What if instead of Rectangle class we would have ReadonlyRectangle and Rectangle? Square could then inherit from ReadonlyRectangle, so code expecting only to read some properties and not write them could accept Square objects as ReadonlyRectangle. Alternatively if we really want to have only Square and Rectangle classes, there could be some language feature that whenever you want to cast Square to Rectangle it must be "const Rectangle" (const as in C++), so again we would be allowed to only use the "safe" subset of object methods.


Replies

cryptonector01/22/2025

I think what you mean is that if a Square that is also a Rectangle can't be made to be non-square, then inheritance works. Which, fair enough, but I think there's still other good reasons that inheritance is a bad approach.
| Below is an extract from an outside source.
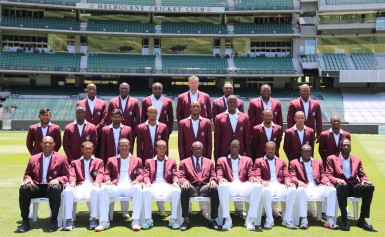 The West Indies Test squad for the Frank Worrell Trophy 2015-2016 at the Melbourne Cricket Ground yesterday. WICB Media Photo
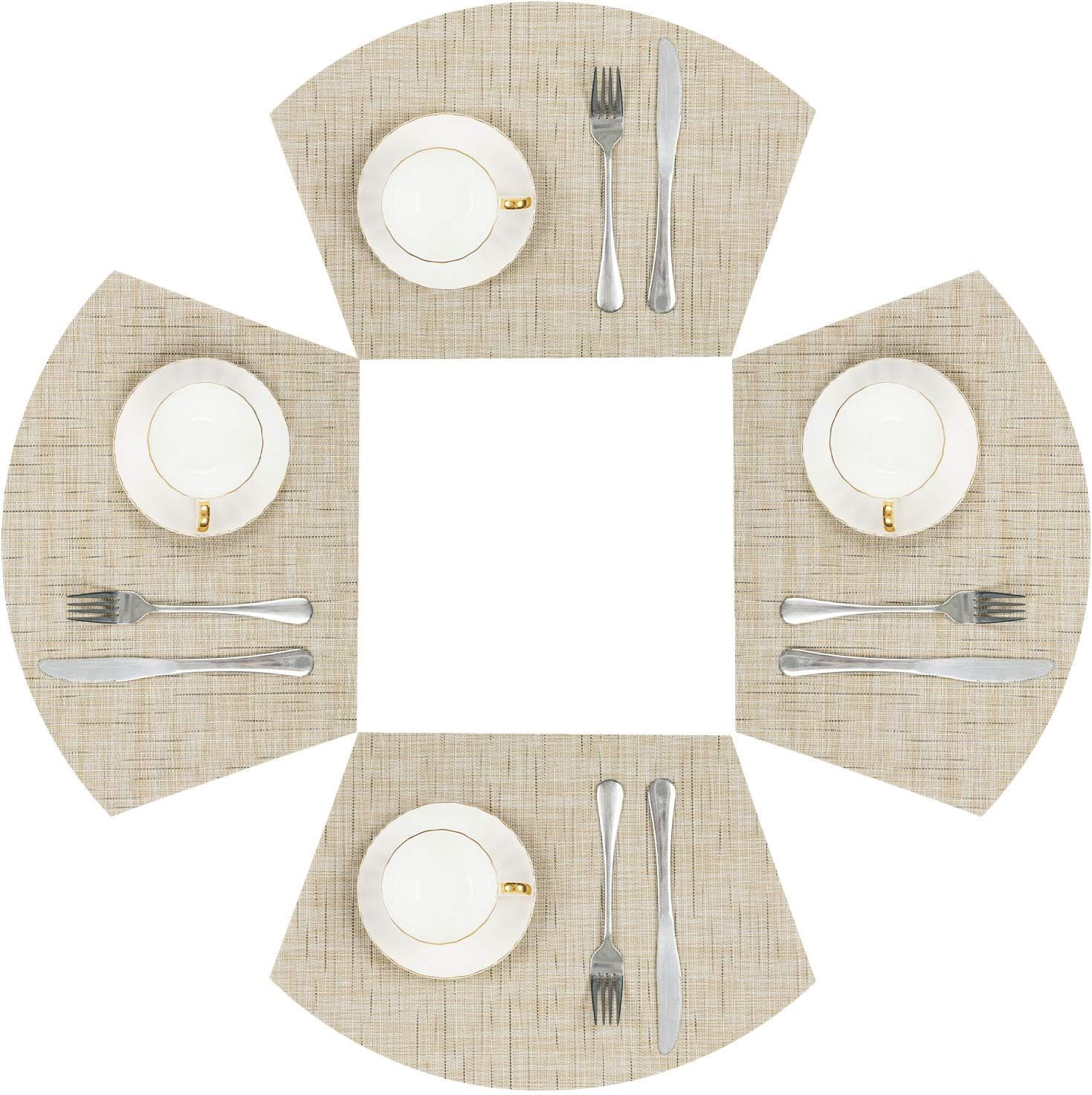 Round Table Placemats Set of 4 Wedge Shape Placemat Woven Vinyl Place Mats Heat Resistant Wipe Clean Dining Table Mats Home Table Decor (4, Tan)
Interfaces (and traits) are still way better.

Viliam123401/22/2025

What is "ReadonlyRectangle"? Is it just an interface that only exposes read-only methods; or is it an explicit promise that the rectangle is immutable?

Perhaps we could go with even more classes. "Rectangle" and "Square" for the read-only methods, without any implications about mutability. "MutableRectangle" and "MutableSquare" for mutable implementations; "ImmutableRectangle" and "ImmutableSquare" for immutable implementations.

- "Rectangle" has methods "getWidth" and "getHeight".

- "Square" has a method "getSide".

- "ImmutableRectangle" implements "Rectangle".

- "ImmutableSquare" implements "Rectangle" and "ImmutableRectangle" and "Square".

- "MutableRectangle" implements "Rectangle"; has extra methods "setWidth" and "setHeight".

- "MutableSquare" implements "Rectangle" and "Square"; has an extra method "setSide".

...or you could just give up, and declare two classes "Square" and "Rectangle" (mutable) that either have nothing in common, or they just both extend some "Shape" class that can paint them and calculate the area.